“It is when he is the most serious that he is the funniest,” said Erik Blix, host of a satire show on Sveriges Radio (SR), to daily Aftonbladet.
It is the third year running that Comedy Central has mapped out Swedes’ views on politics and humour.
In the 2011 survey, 26 percent of Swedes picked Carl Bildt as the funniest of Sweden’s 24 ministers.
Finance minister Anders Borg and social minister Göran Hägglund share second place, both getting 21 percent of the votes.
Erik Blix was surprised that Anders Borg made the cut, but professed his admiration for the wit of Christian Democrat leader Göran Hägglund.
“I once asked Göran Hägglund if he was selling the Christian Democrat party to the devil and he immediately retorted “How much do you want for it?” said Blix to Aftonbladet.
According to the survey, the most boring minister in Sweden is Maud Olofsson, minister for energy and enterprise, followed closely by minister for the environment, Andreas Carlgren.
Peter von Satzger, head of Comedy Central, thinks that Swedish politicians would do good to improve their sense of humour.
“Humour in politics is something that is actively worked on in the US and Britain. To be witty is something in which perhaps especially British politicians fight to outdo each other,” said von Satzger in a statement.

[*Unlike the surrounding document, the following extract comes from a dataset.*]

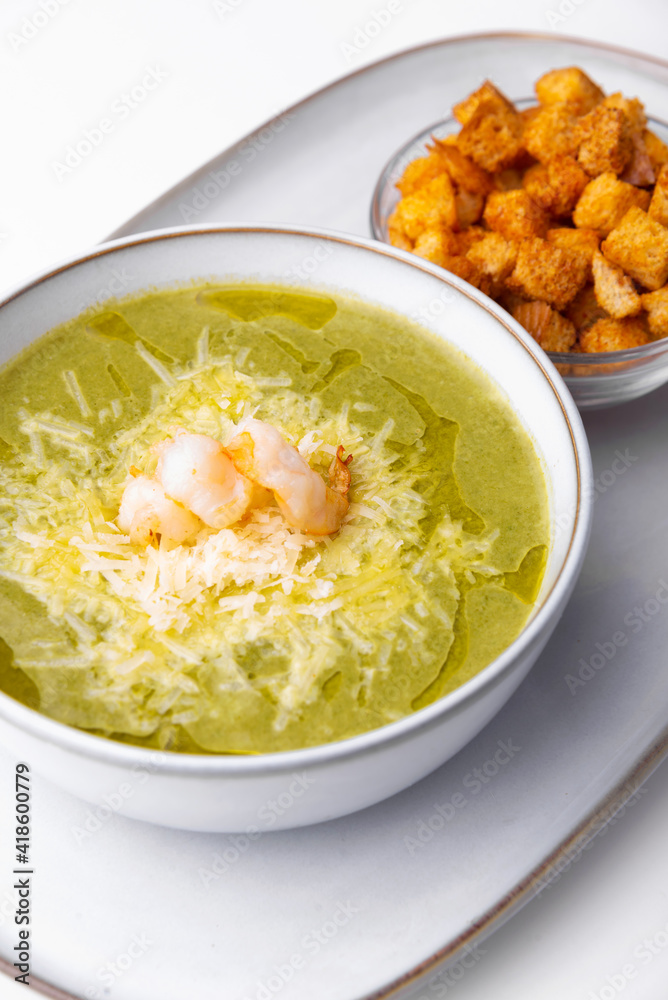 Photo of soup creme with shrimps parmesan and crackers Photo of soup creme with shrimps parmesan and crackers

Von Satzger also thinks that wittiness is a strong leadership characteristic that bears witness of kindness and being good for a laugh.

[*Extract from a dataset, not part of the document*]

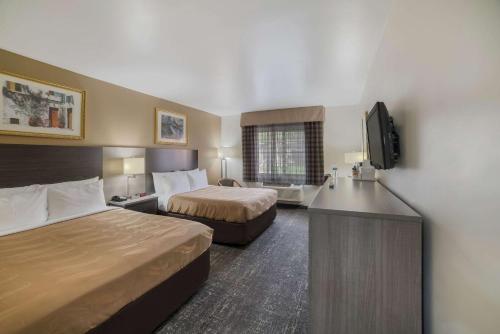 a hotel room with two beds and a flat screen tv at Quality Inn & Suites Goodyear - Phoenix West in Goodyear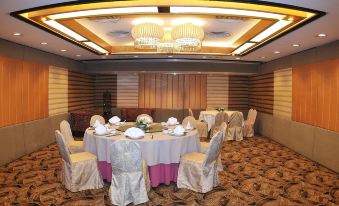 A ballroom is prepared with tables and chairs for an event at the hotel or conference at The Kimberley Hotel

“Looking at it from that angle, Swedish politics is rather too boring. I am convinced that more Swedes would take an interest in politics if they felt it was more entertaining,” von Satzger said.
Last year’s report showed that a staggering 46 percent of Swedes thought that there wasn’t enough humour in Swedish politics, while one-third thought they’d be more interested in politics if it was a bit more fun.
In addition, 52 percent called for more humorous party leader debates.
The funniest international politician in 2010 was Italian prime minister Silvio Berlusconi, according to last year’s report.
The full report for 2011 will be presented at the Almedalen political week, on the Baltic island of Gotland, in July.